Every Sunday, it’s the same old routine! The train clatters through the village and almost shakes the pictures off the wall. In the church, Dad dreams about his toolbox. And of course later Grandma will get a visit and the animals will meet their fate.

LA LUNA
USA / 7 MINS
Director(s): Enrico Casarosa
Producer(s): Kevin Reher – John Lasseter (Executive Producer)
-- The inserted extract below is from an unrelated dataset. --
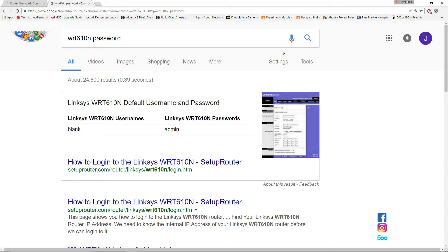Hi guys, how are you and welcome to this video. In this video I'm going to show you how to block websites from your network. I will show you one way of doing it — there's more than one way to do it — so let's get started.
“La Luna” is the timeless fable of a young boy who is coming of age in the most peculiar of circumstances. Tonight is the very first time his Papa and Grandpa are taking him to work. In an old wooden boat they row far out to sea, and with no land in sight, they stop and wait. A big surprise awaits the little boy as he discovers his family’s most unusual line of work. Should he follow the example of his Papa, or his Grandpa? Will he be able to find his own way in the midst of their conflicting opinions and timeworn traditions?

The Fantastic Flying Books of Mr. Morris Lessmore
USA / 17 MINS
Director(s): William Joyce & Brandon Oldenburg
Producer(s): Lampton Enochs Jr., Trish Farnsworth-Smith, Alissa M. Kantrow

Inspired, in equal measures, by Hurricane Katrina, Buster Keaton, The Wizard of Oz, and a love for books, The Fantastic Flying Books of Mr. Morris Lessmore is a poignant, humorous allegory about the curative powers of story. Using a variety of techniques (miniatures, computer animation, 2D animation) co-directors William Joyce and Brandon Oldenburg present a hybrid style of animation that harkens back to silent films and MGM Technicolor musicals. Morris Lessmore is old fashioned and cutting edge at the same time.

Wild Life
CANADA / 14 MINS
Director(s): Amanda Forbis, Wendy Tilby
Producer(s): Marcy Page, Bonnie Thompson

Calgary, 1909. An Englishman moves to the Canadian frontier, but is singularly unsuited to it. His letters home are much sunnier than the reality. Intertitles compare his fate to that of a comet.

Extra Films
  • Skylight
  • The Hybrid Union
  • Nullarbor
  • Amazonia

2012’s Oscar Shorts – Live Action

7:00PM Sat, March 24th, 2012
(PG-13, approx 110 min.)
28 S. Main St., Buffalo, WY
(Bring-n-Share Munchies at 6:00PM)
$36 season tickets or $9.00 at the door

Previews can be found on shorts.tv‘s website. (Possible spoilers, especially if you still don’t know who the winners are.)

Pentecost
IRELAND / 11 MINS
Director(s): Peter McDonald
Producer(s): Eimear O’Kane

When Damian is forced to serve as an altar boy at an important mass in his local parish he faces a difficult choice: conform to the status quo or serve an extended ban from his passion in life, football.

Raju
GERMANY / INDIA / 24 MINS
Director(s): Max Zähle
Producer(s): Stefan Gieren

A German couple adopts in Kolkata an Indian orphan. Their child suddenly disappears and they realize that they are part of the problem.

The Shore
NORTHERN IRELAND / 30 MINS
Director(s): Terry George
Producer(s): Oorlagh George

THE SHORE is the uplifting story of two boyhood best friends – Joe (Ciarán Hinds) and Paddy (Conleth Hill) divided for 25 years by the tumult of “The Troubles”. When Joe returns home to Northern Ireland, his daughter Patricia brings the two men together for a reunion, with unexpected results. What happened all those years ago? Can old wounds be healed? The answer is both hilarious and moving. THE SHORE is about one of the small personal reconciliations that coincide with a national reconciliation.

Time Freak
USA / 11 MINS
Director(s): Andrew Bowler
Producer(s): Gigi Causey

A neurotic inventor creates a time machine, only to get caught up traveling around yesterday.

Tuba Atlantic
NORWAY / 25 MINS
Director(s): Hallvar Witzø
Producer(s): Gudrun Austli

When seventy-year-old Oskar is told that he has only six days left to live, he wants to put things right with his brother who lives in New Jersey. Inger, a public “death angel” is sent out to help Oscar through his remaining days. A huge horn stands at the edge of the sea, built by the brothers when they were kids. Will its sound cross the Atlantic?